Copper Mine Remains of Tonglushan
Tonglushan Ancient Bronze Mining and Smelting Site, located about 3 kilometers north of Daye county, was discovered in 1973 and is one of the oldest and most advanced of such sites in China. It was a major source of bronze during the late Shang Dynasty (16th century - 10th century BC) up through the Han Dynasty (2nd century BC - 2nd century AD). According to ancient records, the high, flat top of the mountain was so rich in minerals, that it sparkled with little specks of bronze when it rained. Hence, it has received the name Tonglushan, meaning "Patina Mountain", bringing to mind its colorfully shining rocks.
Since 1973, over 360 shafts and lanes and 7 smelting furnaces have been unearthed, with origins from the Western Zhou Dynasty (11th century - 8th century BC) to the Western Han Dynasty (5th century to 2nd century BC). It is the best preserved and most complete mining and smelting site from ancient China, impressive also for having the longest time in operation, the highest smelting level and the largest scale known. It is becoming widely-regarded as another Chinese wonder after the Terra-Cotta Warriors.

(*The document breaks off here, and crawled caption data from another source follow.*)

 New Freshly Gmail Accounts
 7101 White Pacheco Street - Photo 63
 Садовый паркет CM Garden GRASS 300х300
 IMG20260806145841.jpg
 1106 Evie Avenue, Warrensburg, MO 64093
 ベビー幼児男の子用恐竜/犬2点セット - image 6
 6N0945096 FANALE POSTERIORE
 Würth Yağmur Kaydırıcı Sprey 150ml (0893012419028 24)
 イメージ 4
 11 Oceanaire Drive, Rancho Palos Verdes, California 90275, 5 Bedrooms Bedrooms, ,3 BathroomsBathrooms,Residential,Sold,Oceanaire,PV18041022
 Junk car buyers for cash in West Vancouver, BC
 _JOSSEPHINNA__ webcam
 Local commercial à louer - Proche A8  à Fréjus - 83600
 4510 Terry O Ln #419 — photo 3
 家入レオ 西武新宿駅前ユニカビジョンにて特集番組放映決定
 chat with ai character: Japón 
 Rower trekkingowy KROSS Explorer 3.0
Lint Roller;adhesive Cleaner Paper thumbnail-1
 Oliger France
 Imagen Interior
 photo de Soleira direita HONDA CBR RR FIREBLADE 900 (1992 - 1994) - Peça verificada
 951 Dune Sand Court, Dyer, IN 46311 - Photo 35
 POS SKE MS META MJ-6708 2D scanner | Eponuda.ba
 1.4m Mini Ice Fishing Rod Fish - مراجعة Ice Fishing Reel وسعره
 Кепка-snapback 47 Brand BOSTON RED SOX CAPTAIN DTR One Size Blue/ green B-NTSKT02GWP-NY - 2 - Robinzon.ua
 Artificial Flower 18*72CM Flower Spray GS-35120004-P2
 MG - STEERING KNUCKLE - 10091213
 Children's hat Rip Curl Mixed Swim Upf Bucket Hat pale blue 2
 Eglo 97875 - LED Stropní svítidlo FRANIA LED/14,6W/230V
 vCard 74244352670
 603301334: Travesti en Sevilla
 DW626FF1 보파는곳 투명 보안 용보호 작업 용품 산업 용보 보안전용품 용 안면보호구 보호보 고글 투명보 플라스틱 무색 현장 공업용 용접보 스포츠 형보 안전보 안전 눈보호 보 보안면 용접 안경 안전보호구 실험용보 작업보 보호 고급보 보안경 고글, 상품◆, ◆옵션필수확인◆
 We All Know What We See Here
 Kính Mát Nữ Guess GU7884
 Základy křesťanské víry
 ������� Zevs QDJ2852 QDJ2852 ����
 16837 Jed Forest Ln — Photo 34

From the spring of 1974 to the summer of 1985, staff from an archaeological institute, cooperating with workers from the production department of the mine, excavated scientifically and selectively. They explored hundreds of shafts and lanes supported by ancient wooden crossbeams, examined vertical bronze smelting furnaces and dug up countless production tools. Today, the Tonglushan mine is a nationally protected site, and exploration is forbidden in portions of it.
The Ancient Bronze Mining and Smelting Site of Tonglushan is second to none among mining relics all over the world. With a history of over 3000 years, it is a brilliant jewel of the ancient history of the Jiangnan Region, and a gem of world cultural heritage.